Angelenos enjoy their contraptions, as is well known. They love their amenities and their accouterments, and they so relish the trappings of the good life that at times one can be forgiven for concluding that the satirists who relentlessly mine cliches about lotus-eaters are actually stating the bare facts.
"I'm just an Indian from Mexico City," said Lopez ingenuously. If so, then this report is being written by Marie of Romania.
In fact, Lopez is the scion of a Mexican juice-bottling fortune, an only child and a hereditary billionaire who is among a select group of people who are, not altogether quietly, reconfiguring the social face of Los Angeles.
That they are employing the same cultural vehicles people have always used to advance themselves socially -- support of museums and collecting, mainly -- is not so surprising. Few things have a more cleansing effect on wealth than art does, and Los Angeles, with its current surfeit of billionaires, seems better positioned than it has in a long time to steal some of the art-world thunder from cities like London and New York.
"Los Angeles has become a complex global city," the artist Barbara Kruger said last week, over sunset-colored cocktails at the Bar Marmont in Hollywood. "You couldn't have said that 25 years ago," added Kruger, who has made a career of diagramming the ever-evolving configurations of power in works that often read like agitprop.
Besides its undisputed dominance of popular entertainment, Los Angeles can also lay claim to a Museum of Contemporary Art with what is widely acknowledged to be among the best contemporary collections in the country. It is a town whose artists have definitively shed the taint of regionalism to become stars on the international scene. No contemporary art collection could be thought complete without Los Angeles artists like Charles Ray, Paul McCarthy, Mike Kelley or Nancy Rubins. And, after years of neglecting Ed Ruscha, the most emblematic of Los Angeles artists, collectors are now lining up to buy his works.
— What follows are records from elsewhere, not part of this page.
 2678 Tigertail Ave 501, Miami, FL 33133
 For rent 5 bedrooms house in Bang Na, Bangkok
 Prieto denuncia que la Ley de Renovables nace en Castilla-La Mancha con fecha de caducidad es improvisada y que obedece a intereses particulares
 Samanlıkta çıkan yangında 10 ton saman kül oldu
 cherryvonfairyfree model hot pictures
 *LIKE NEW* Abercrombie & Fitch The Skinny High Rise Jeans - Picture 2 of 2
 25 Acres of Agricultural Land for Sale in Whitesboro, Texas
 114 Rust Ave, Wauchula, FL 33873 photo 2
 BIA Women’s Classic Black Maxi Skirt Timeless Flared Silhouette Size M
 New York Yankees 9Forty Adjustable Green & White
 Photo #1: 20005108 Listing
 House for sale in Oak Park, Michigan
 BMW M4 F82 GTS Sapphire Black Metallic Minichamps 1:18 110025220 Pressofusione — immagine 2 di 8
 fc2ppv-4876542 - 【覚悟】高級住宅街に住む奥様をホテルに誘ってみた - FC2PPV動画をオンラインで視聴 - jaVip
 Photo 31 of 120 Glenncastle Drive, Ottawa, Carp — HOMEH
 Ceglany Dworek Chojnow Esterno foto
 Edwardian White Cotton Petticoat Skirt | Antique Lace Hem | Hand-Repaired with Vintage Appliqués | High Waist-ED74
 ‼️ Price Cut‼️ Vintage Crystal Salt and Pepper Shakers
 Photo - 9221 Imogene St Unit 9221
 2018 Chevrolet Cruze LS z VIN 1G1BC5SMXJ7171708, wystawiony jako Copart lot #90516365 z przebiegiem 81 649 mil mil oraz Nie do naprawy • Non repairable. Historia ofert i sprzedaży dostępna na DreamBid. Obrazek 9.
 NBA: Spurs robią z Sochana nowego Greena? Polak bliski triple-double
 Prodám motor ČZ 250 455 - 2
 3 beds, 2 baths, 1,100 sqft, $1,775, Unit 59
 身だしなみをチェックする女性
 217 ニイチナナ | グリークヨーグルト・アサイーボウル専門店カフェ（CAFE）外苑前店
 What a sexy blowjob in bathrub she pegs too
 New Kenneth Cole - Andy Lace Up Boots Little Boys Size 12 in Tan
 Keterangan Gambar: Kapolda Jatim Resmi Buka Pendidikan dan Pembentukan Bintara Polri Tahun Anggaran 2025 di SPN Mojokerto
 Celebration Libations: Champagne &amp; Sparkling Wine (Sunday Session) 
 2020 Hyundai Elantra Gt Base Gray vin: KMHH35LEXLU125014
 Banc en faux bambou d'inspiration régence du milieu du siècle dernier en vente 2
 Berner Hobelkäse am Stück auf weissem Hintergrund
But perhaps as important to the city's current status is the emergence here of a cadre of super collectors, people like Lopez with pockets deep enough to match their aesthetic appetites. There are currently dozens of such collectors in Los Angeles, people whose preferred mode of transportation is likely to be a private Gulfstream V; whose department-store-sized houses require small armies to staff; whose acquisitive urges are consecrated to the consumption of art.
"Los Angeles isn't the way it was in the past, where people were totally focused on tennis courts and cars," said Jane Nathanson, a collector who was the chairwoman of a US$1,000-a-ticket gala last night to commemorate the 25th anniversary of MOCA. It was one of those unusual events where the diverse vectors of the city's power population were expected to intersect, the producer Brian Glazer rubbing shoulders with the billionaire developer Eli Broad, and the artist Takashi Murakami seated cheek by jowl with Peter Morton or Chloe Sevigny.
As recently as a quarter-century ago, the idea of a contemporary art museum was considered by one of its founders, the collector Marcia Weisman, a hallucination, a case of "dreaming off." Today, said Nathanson, contemporary art patronage has become a defining feature.